What to do>
No pictures, please. Output the lines from the start of the data through the line that contains "The image bears", both included, exactly as they stand.

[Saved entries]
- - - - - - -
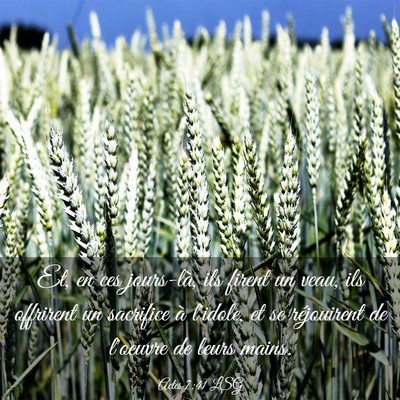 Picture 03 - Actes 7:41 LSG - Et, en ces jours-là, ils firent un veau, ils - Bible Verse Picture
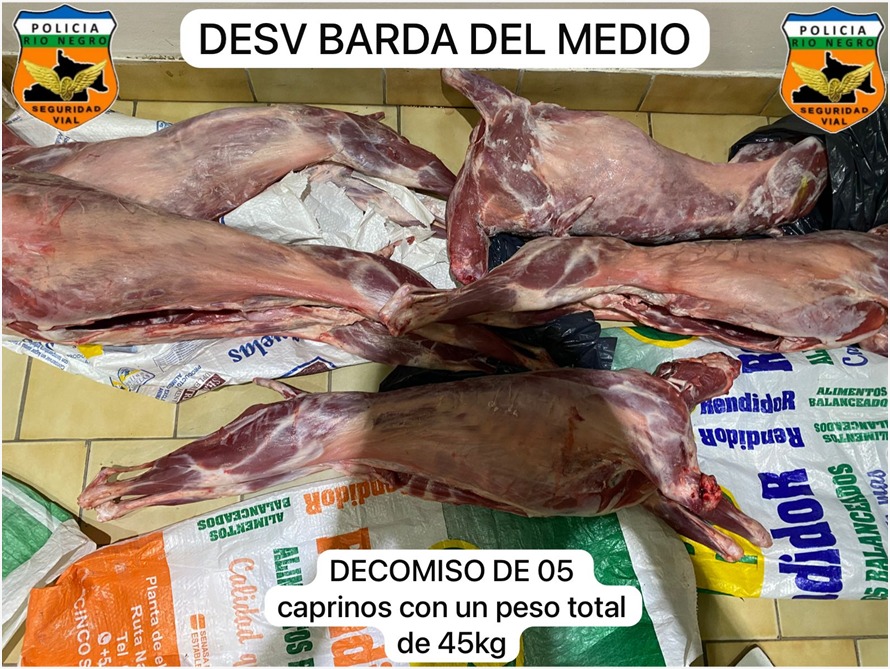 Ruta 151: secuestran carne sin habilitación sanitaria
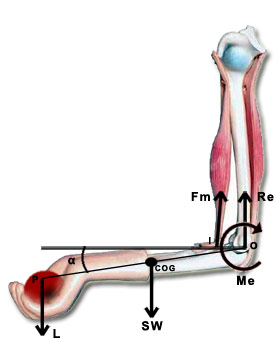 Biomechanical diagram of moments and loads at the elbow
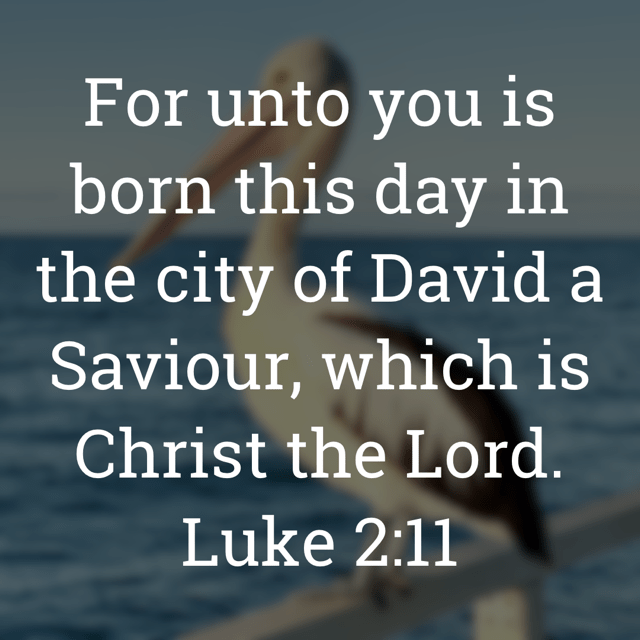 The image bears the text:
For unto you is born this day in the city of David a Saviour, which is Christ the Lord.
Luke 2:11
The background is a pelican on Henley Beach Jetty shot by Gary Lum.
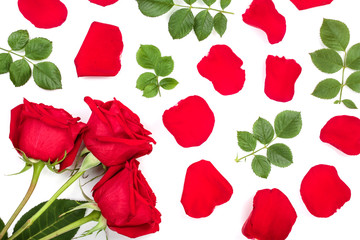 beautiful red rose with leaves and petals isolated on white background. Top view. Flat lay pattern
- - - - - - -
Result of this task>
 Picture 03 - Actes 7:41 LSG - Et, en ces jours-là, ils firent un veau, ils - Bible Verse Picture
 Ruta 151: secuestran carne sin habilitación sanitaria
 Biomechanical diagram of moments and loads at the elbow
 The image bears the text:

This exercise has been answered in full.